☕ Java
Fail-Fast vs Fail-Safe
Fail-fast and fail-safe are two competing philosophies for how Java iterators and collections respond to structural modifications made to a collection while it is being iterated. A fail-fast iterator detects concurrent structural modification via a modCount check and immediately throws ConcurrentModificationException, making the bug visible at the point it occurs. A fail-safe iterator (technically: weakly consistent or snapshot-based) either iterates over a copy of the collection or tolerates concurrent modifications without throwing, at the cost of possibly not reflecting the most recent state of the collection. This entry covers the modCount mechanism in full, what counts as a structural modification, the ConcurrentModificationException contract, all standard fail-fast and fail-safe collections, weakly consistent semantics, snapshot semantics, practical consequences for multi-threaded and single-threaded code, and when each approach is appropriate.

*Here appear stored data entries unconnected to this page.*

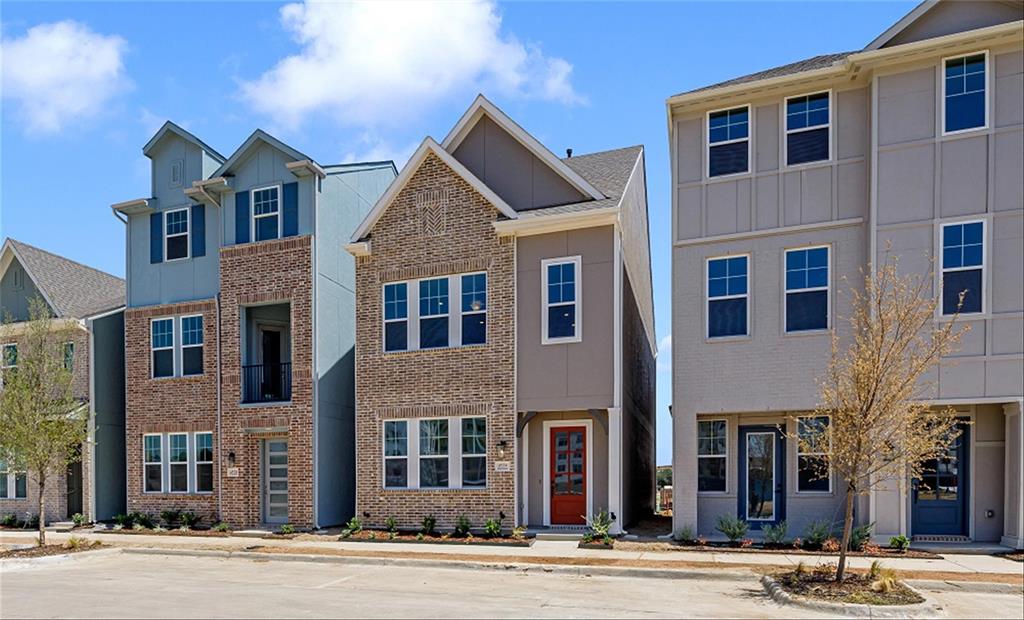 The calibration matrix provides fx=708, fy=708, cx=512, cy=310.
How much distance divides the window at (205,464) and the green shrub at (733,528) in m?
13.8

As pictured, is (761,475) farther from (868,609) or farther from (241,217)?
(241,217)

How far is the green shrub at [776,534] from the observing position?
14156 millimetres

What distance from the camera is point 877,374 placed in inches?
402

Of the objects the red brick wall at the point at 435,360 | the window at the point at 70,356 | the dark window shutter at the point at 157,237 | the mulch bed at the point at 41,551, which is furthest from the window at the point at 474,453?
the window at the point at 70,356

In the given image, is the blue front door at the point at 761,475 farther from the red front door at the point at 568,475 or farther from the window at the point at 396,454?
the window at the point at 396,454

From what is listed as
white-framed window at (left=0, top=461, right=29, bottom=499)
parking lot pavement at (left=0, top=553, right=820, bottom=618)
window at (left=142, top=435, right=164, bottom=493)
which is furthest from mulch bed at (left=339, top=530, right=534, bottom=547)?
white-framed window at (left=0, top=461, right=29, bottom=499)

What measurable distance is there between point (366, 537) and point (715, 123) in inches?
494

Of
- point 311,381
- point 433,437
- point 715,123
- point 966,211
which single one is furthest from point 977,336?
point 311,381

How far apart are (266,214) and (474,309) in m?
6.89

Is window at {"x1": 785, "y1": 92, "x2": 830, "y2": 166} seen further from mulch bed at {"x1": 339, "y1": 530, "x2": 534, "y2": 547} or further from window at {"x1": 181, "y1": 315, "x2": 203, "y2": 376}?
window at {"x1": 181, "y1": 315, "x2": 203, "y2": 376}

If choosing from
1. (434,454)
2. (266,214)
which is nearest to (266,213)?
(266,214)

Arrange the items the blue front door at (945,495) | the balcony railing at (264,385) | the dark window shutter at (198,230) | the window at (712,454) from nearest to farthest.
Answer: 1. the blue front door at (945,495)
2. the window at (712,454)
3. the balcony railing at (264,385)
4. the dark window shutter at (198,230)

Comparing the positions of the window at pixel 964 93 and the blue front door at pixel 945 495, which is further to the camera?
the blue front door at pixel 945 495

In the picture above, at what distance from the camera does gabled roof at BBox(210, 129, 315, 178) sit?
62.7ft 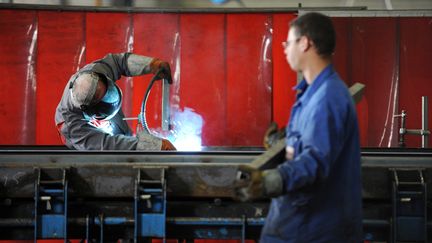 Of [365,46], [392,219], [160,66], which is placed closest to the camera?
[392,219]

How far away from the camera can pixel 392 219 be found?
270 cm

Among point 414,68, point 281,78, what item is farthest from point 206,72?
point 414,68

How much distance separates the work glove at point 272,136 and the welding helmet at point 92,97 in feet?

The modCount Mechanism and ConcurrentModificationException
Fail-fast behavior is implemented via a modCount (modification count) field maintained by every AbstractList, AbstractMap, and their subclasses. modCount is an int incremented on every structural modification to the collection: add, remove, clear, set in some cases, and any operation that changes the size or restructures the internal storage. A non-structural modification — such as set() on an ArrayList at an existing index — does not increment modCount.
When an iterator is created, it captures the current modCount into its own field, typically named expectedModCount. On every call to next(), remove(), or (for ListIterator) add() and set(), the iterator checks whether the collection's current modCount equals expectedModCount. If they differ, the iterator throws ConcurrentModificationException immediately, regardless of whether the modification was made by another thread or by the same thread outside the iterator.
The contract for ConcurrentModificationException is deliberately best-effort: the Javadoc for Iterator states that fail-fast iterators throw ConcurrentModificationException on a best-effort basis. This means the check is not guaranteed to fire every time a concurrent modification occurs — particularly in multi-threaded scenarios where the modCount write may not be visible to the iterating thread without a happens-before relationship. The check is reliable for single-threaded modifications because all operations occur in the same thread's memory model. For true thread safety, you must use the concurrent collections in java.util.concurrent — fail-fast iterators are not a substitute for synchronization.
What constitutes a structural modification varies by collection. For ArrayList: add(), remove(), clear(), and addAll() are structural; set() is not. For HashMap: put() when adding a new key, remove(), clear(), and rehash (resize) are structural; put() replacing an existing key's value is not structural (but Map.Entry.setValue() is allowed during iteration).
Java
// ── modCount in action — single-threaded CME ─────────────────────────
List<String> list = new ArrayList<>(List.of("a", "b", "c", "d"));
Iterator<String> it = list.iterator(); // captures expectedModCount = 0
it.next(); // OK — modCount == expectedModCount
list.add("e"); // modCount becomes 1
// it.next(); // ConcurrentModificationException — 1 != 0
// ── Safe removal pattern: use iterator's own remove() ─────────────────
List<String> mutable = new ArrayList<>(List.of("alpha", "beta", "gamma", "delta"));
Iterator<String> safeIt = mutable.iterator();
while (safeIt.hasNext()) {
String s = safeIt.next();
if (s.startsWith("b")) {
safeIt.remove(); // increments both modCount AND expectedModCount → safe
}
}
System.out.println(mutable); // [alpha, gamma, delta]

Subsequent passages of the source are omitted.